First Lady Michelle Obama Q&A with Her Campus
Jo-Carolyn Goode | 10/12/2015, 9:26 a.m.
The following Q&A was featured on HerCampus.com
Michelle Obama Talks to Us About Education, Equality & Girl Power
Just two years ago, the UN declared October 11 to be the International Day of the Girl to raise awareness about gender inequality around the world. Today is a perfect opportunity to celebrate all of the women in our lives—and if there’s one woman who inspires us on the daily, it’s Michelle Obama.
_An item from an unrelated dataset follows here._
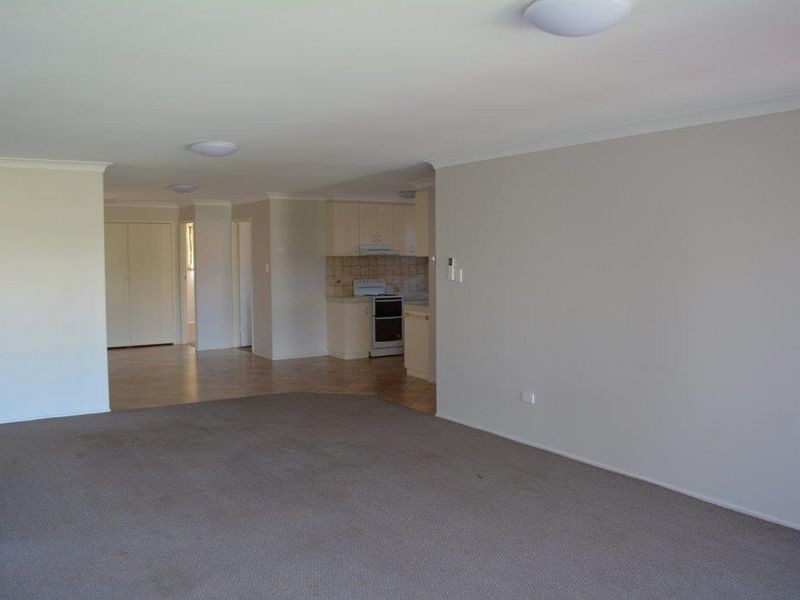 1/5 Rutkin Street, Kearneys Spring QLD 4350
The First Lady is a lawyer, fashion icon, advocate for healthy living and military families, wife, mom and role model for women and girls everywhere. If we had to describe Mrs. Obama in one word, it would be "determined." She worked her way up from a modest upbringing to get where she is today, and she is dedicated to extending the same opportunity to every other girl in the world.
We are thrilled to have been given the opportunity to talk to The First Lady about her incredible girls’ education initiative, as well as what she would tell her college self if she could.
Her Campus: Tell us a little bit about your girls’ education initiative, Let Girls Learn.
Michelle Obama: Right now more than 62 million girls worldwide are not in school. Sometimes, the issue is resources: they can’t afford the school fees; or the nearest school is miles away and they have no way to get there; or they can’t afford feminine hygiene products, so they have to stay home every time they get their periods, and they fall behind and wind up dropping out. But sometimes, the barriers are attitudes and beliefs—cultural beliefs that girls should get married young, or that their time is best spent at home helping with household labor.
Let Girls Learn is a government initiative dedicated to helping adolescent girls around the world overcome these barriers so they can go to school. As part of Let Girls Learn, Peace Corps volunteers will be working to create girls’ education projects in the communities they serve—starting girls’ leadership camps and mentorship programs, building school libraries and bathrooms, and more.
HC: How can young women in the US pitch in to help adolescent girls around the world?
MO: You can start by raising your voice and raising awareness about this issue. In honor of International Day of the Girl, I hope you’ll join me, Beyonce, Mindy Kaling, Kerry Washington and so many others by tweeting or Instagraming a photo of yourself using the hashtag #62MillionGirls and telling the world what you learned in school: “In school, I learned . #62MillionGirls don’t have that chance.”
Next, visit 62milliongirls.com to see our yearbook, download the Peace Corps toolkit, and learn all the ways that you and your friends can get involved in Let Girls Learn. For example, you can check out the girls’ education projects that Peace Corps volunteers are proposing, and you can choose which ones you want to support.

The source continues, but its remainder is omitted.